◆ ABOUT THIS TASK ◆
Going through the material below, output exactly the lines from the one containing "Price!(JAN���� 2759) �J�v�R��(20091203)" through the one containing "2.577 beğenme ·", and no pictures.

____

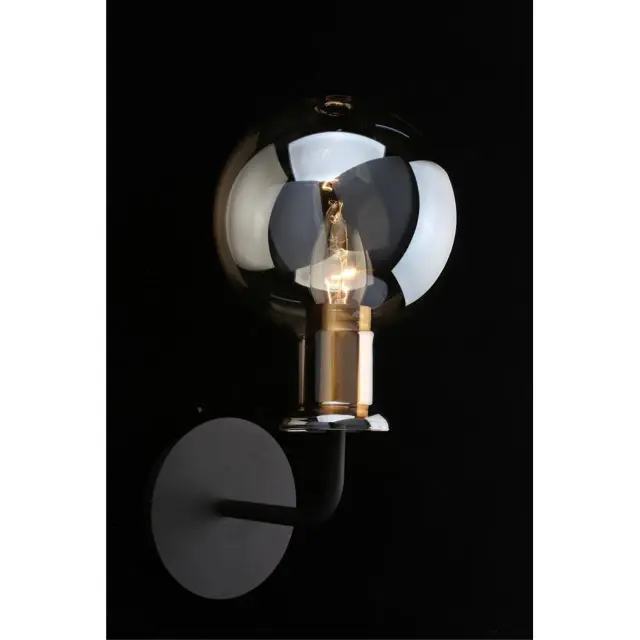 Бра Aployt APL.902.01.01 ROZET — черный, ракурс 7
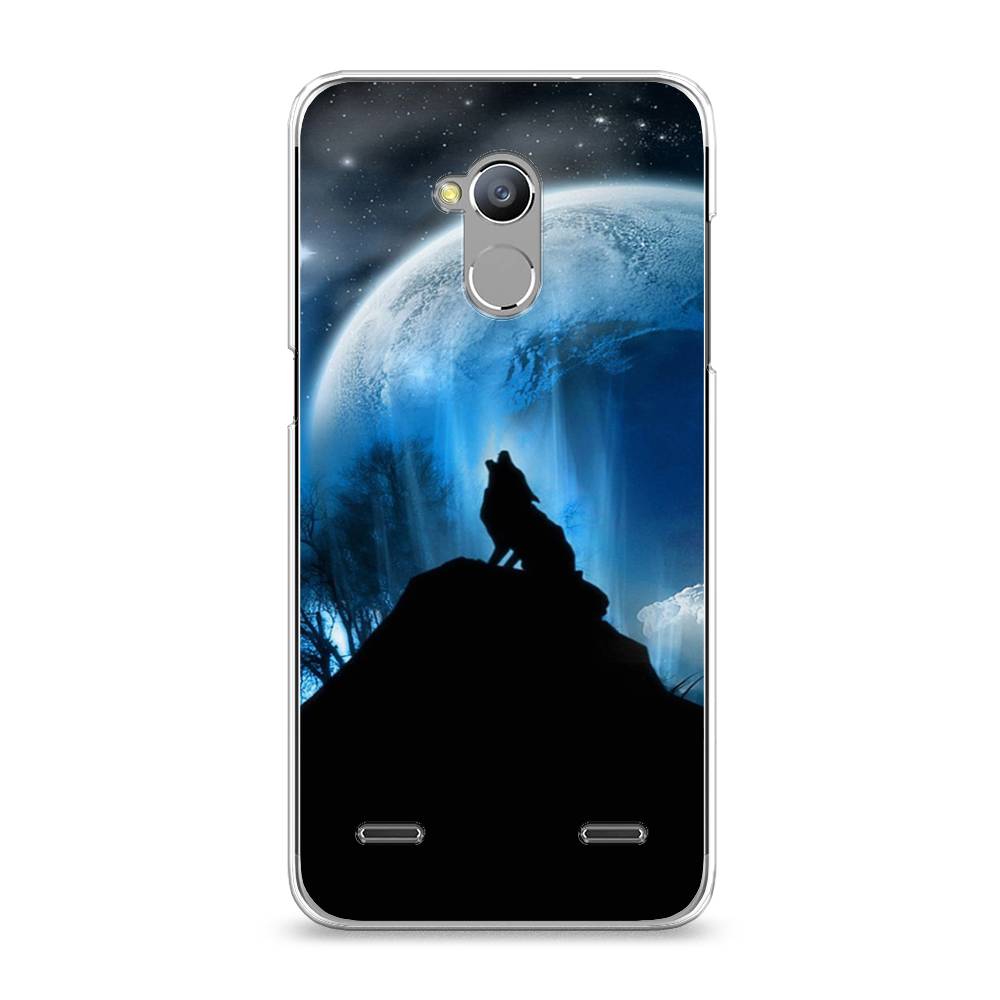 Чехол на ZTE Blade V7 Lite 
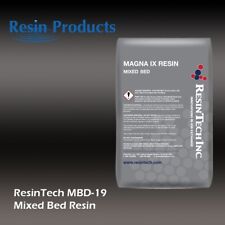 Mixed bed resin for sale  LICHFIELD
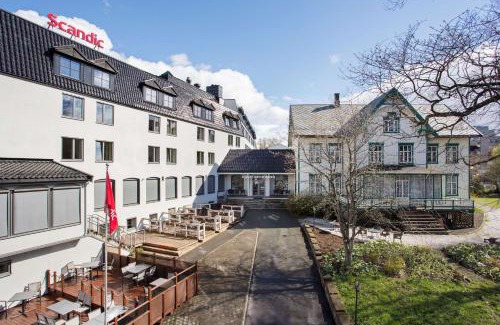 Mo-I-Rana Hotel | Scandic Meyergården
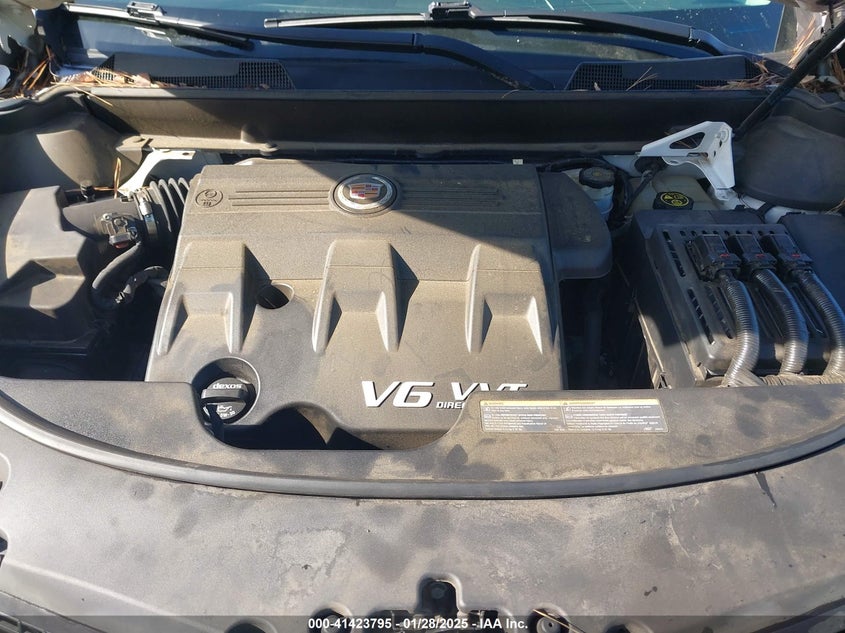 2016 CADILLAC SRX STANDARD - 3GYFNAE3XGS529408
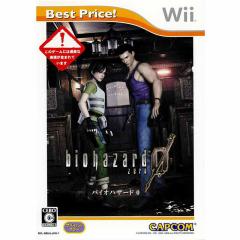 �y���Ñ��[�z[Wii] �o�C�I�n�U�[�h0 Best Price!(JAN���� 2759) �J�v�R��(20091203)
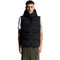 Lyle & Scott Jet Black Welded Puffer Gilet XS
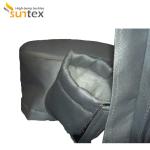 Silicone Coated Glass Fibre Fabric for Insulation Cover Insulation Pad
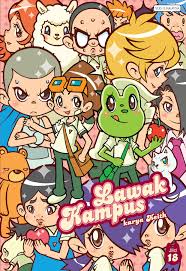 2.577 beğenme · 24 kişi bunun hakkında konuşuyor. Lawak Kampus Jilid 18 Wikia Lawak Kampus Fandom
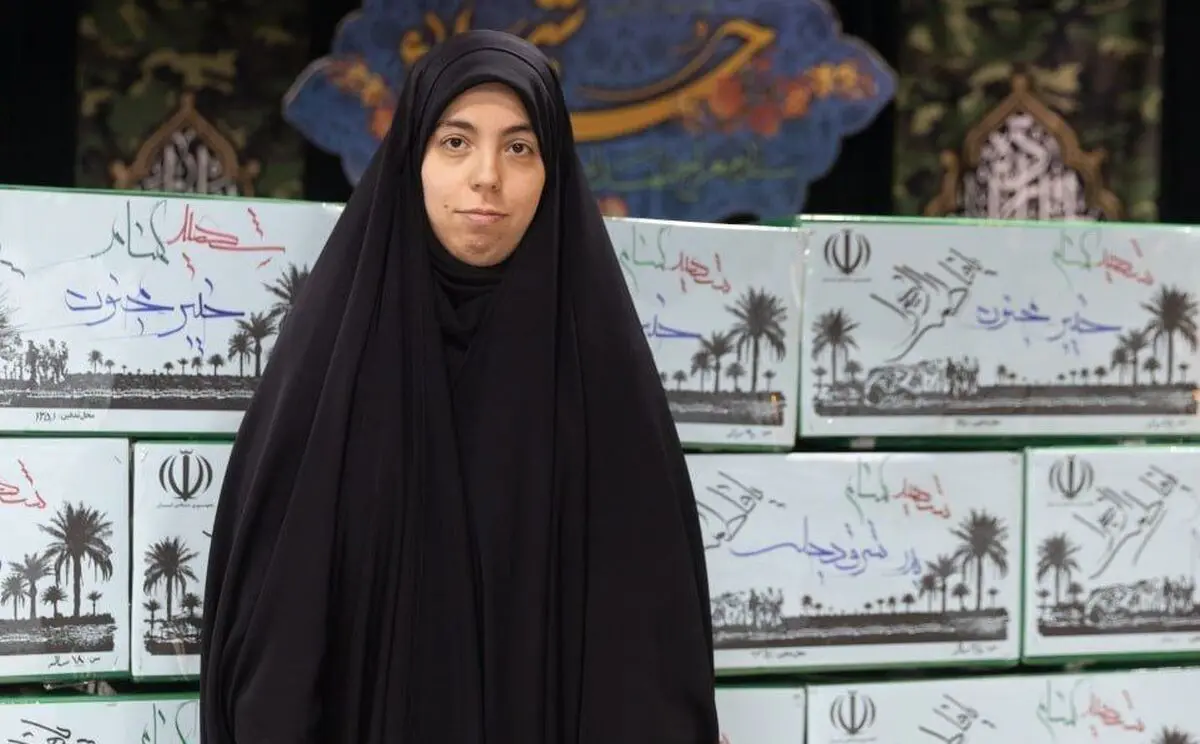 شهادت دختر سردار باقری، خبرنگار دفاع‌پرس در پی جنایت رژیم صهیونیستی/ ویدئو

____

◆ SOLUTION TO THIS TASK ◆
 �y���Ñ��[�z[Wii] �o�C�I�n�U�[�h0 Best Price!(JAN���� 2759) �J�v�R��(20091203)
 Lyle & Scott Jet Black Welded Puffer Gilet XS
 Silicone Coated Glass Fibre Fabric for Insulation Cover Insulation Pad
 2.577 beğenme · 24 kişi bunun hakkında konuşuyor. Lawak Kampus Jilid 18 Wikia Lawak Kampus Fandom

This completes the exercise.